Engage with your local MP

The term Public Affairs covers a wide range activity, usually focussing on communication with Government and Parliament. The Institution does this activity at its headquarters through briefings, events and meetings. Members also do public affairs on a local and regional level, engaging with Parliamentarians who are in their region or are interested in their specialism.

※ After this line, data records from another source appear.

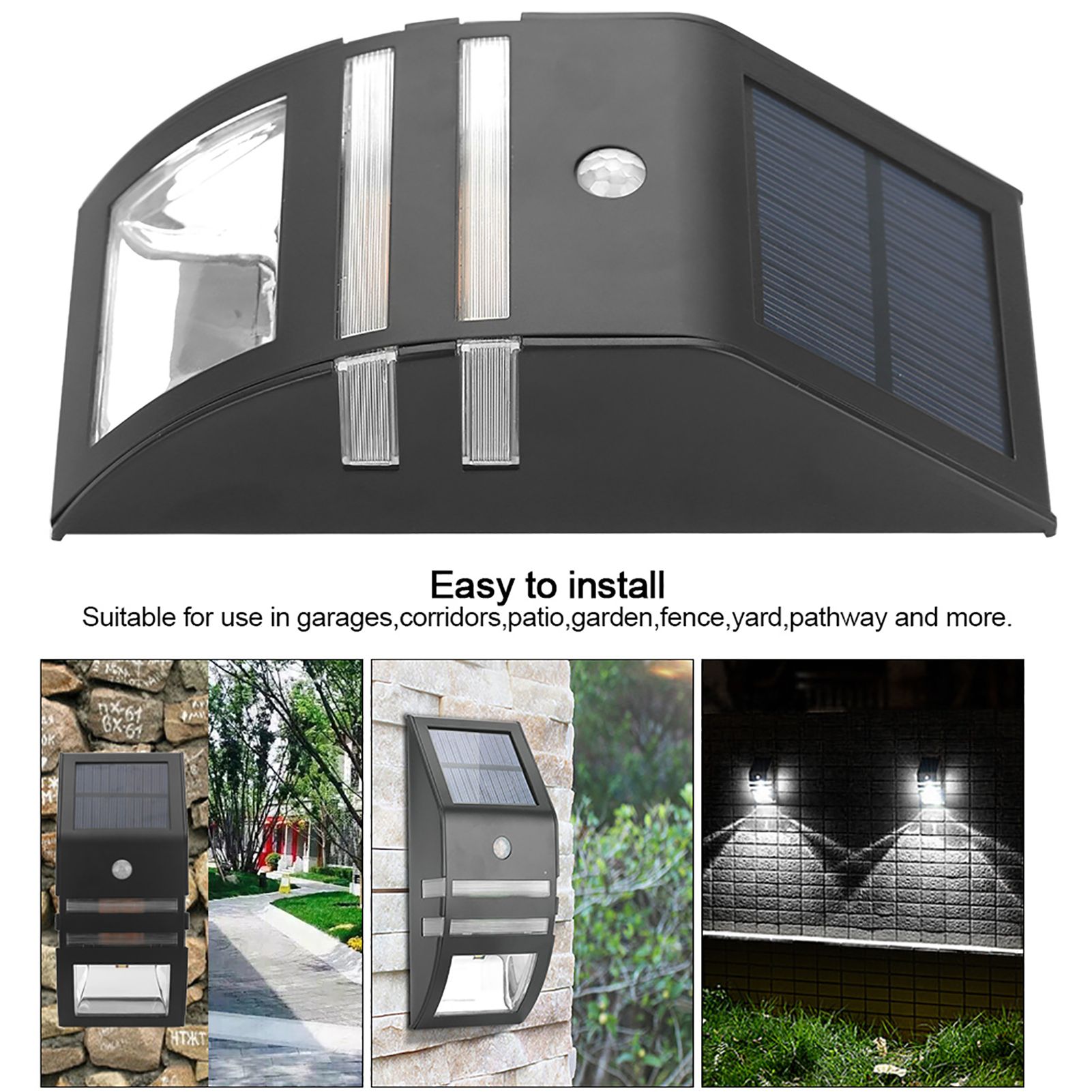 Solar Powered PIR Motion Sensor 2 LED Path Wall Light Garden Security Lamps Black Warm White — image 6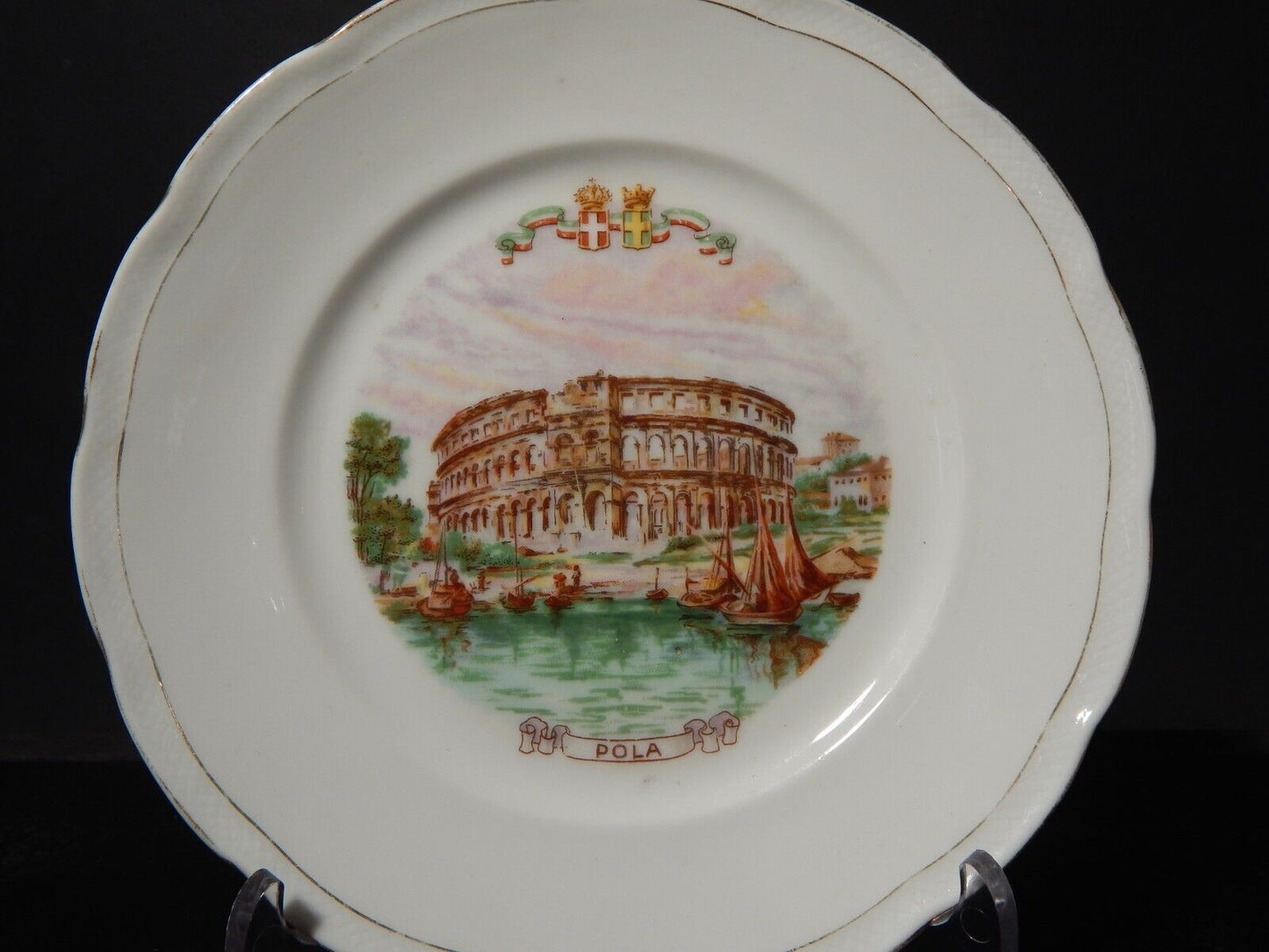 ANTICO PIATTO PORCELLANA GINORI CITTA' REDENTE POLA 1919 STEMMA REGNO ITALIA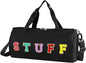 Chenille Letter Stuff Tote Bag 16 Inch, Small Gym Duffle Bag for Travel Dance Sports Workout Camping, Carry On Cheer Ballet Overnight Weekender Bags Birthday Gifts for Girls Kids Teens Women - Black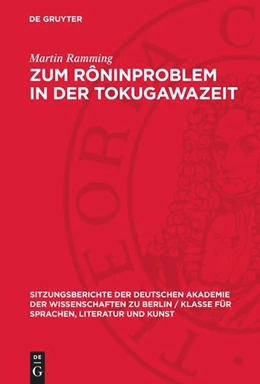 Abbildung von Ramming | Zum Rôninproblem in der Tokugawazeit | 1. Auflage | 1956 | beck-shop.de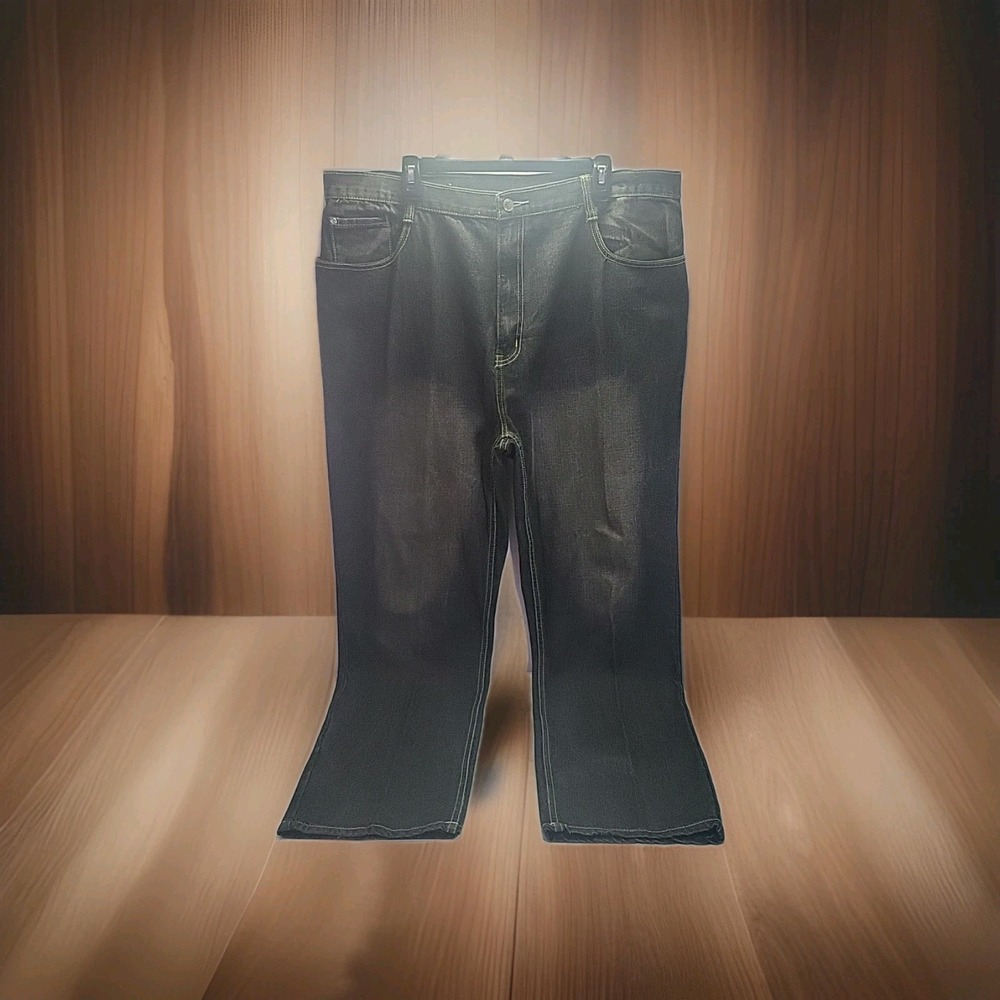 Culture Jeans Collection Mens Sz 48×32 Black Denim Yellow Baggy Y2K Hip Hop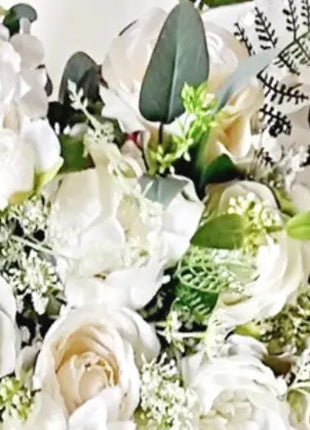 Artificial Wedding Flowers  Rose, peony in White Ivory Cascading Bridal Bouquet image 5
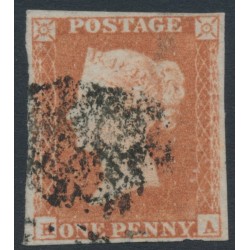 GREAT BRITAIN - 1849 1d red-brown QV, plate 91, check letters KA, used – SG # 8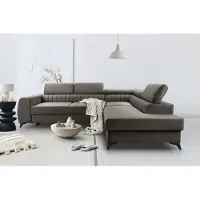 Domo BREGO Gris Canapé d'angle en L 270x202 cm Côté droit - Canapé-lit avec coffre de rangement, Appuie-tête réglables, Tissu Zetta, Design moderne, Autoportant, Coin rembourré confortable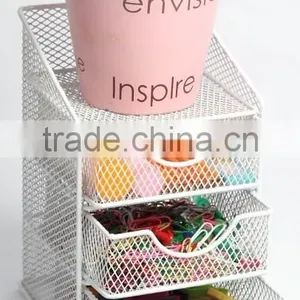 Metal Mesh 4 Tier Wire Office Stationery Desk Drawer Organizer/Desk Storage Drawer Organizer thumbnail-2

If you are lobbying your local MP as a member of the Institution, do let the public affairs team at headquarters know via email publicaffairs@imeche.org so we can track Institution wide engagement with Parliamentarians.

The Houses of Parliament

Top Tips for Lobbying Your MP

  1. FIND A CONSTITUENCY ANGLE. MPs are elected to serve their constituents. Try to outline why this will matter to the people that elect them and why it would make a good local campaign
  2. KNOW WHO TO CONTACT. Casework issues, such as immigration or tax problems, are normally dealt with in the constituency office, while legislative and party policy issues in the Parliamentary office. Make sure any correspondence is going to the right office.  Details will be available on the MP’s website
  3. KNOW WHAT YOU WANT. MPs are very busy. Know what you are asking them to do at the start. Do not wait until the final paragraph of your letter or the dying minutes of a meeting to blurt out your request. They will know in advance that you have an agenda – everyone does
  4. PROVIDE A GOOD BRIEF. It is impossible for an MP to be up to speed every single issue, campaign and piece of government legislation, so provide them with accurate, concise background material. It is important to find out what they may have already said on the issue. Check their website and Hansard for information
  5. PERSONALISE YOUR CORRESPONDENCE. If writing in support of a third party, such as a voluntary organisation, tailor their standard letter or email. You are not going to convince an MP that you care passionately about an issue if you can’t find the time to personalise your correspondence. Also articulate your case in the lexicon of your MP’s personal politics. Language and tone are crucial. Labour, Conservative, Lib Dem, and SNP – they are all different
  6. THINK ABOUT THE PUBLICITY OPPORTUNITIES FOR THE MP. MPs are keen to get out and about, and be seen in their constituency. Don’t be afraid to invite your MP to visit you and your organisation and provide them with good photos for a story in the local paper. You are more likely to get a positive outcome if you have a good relationship with your MP. A successful visit can help build that.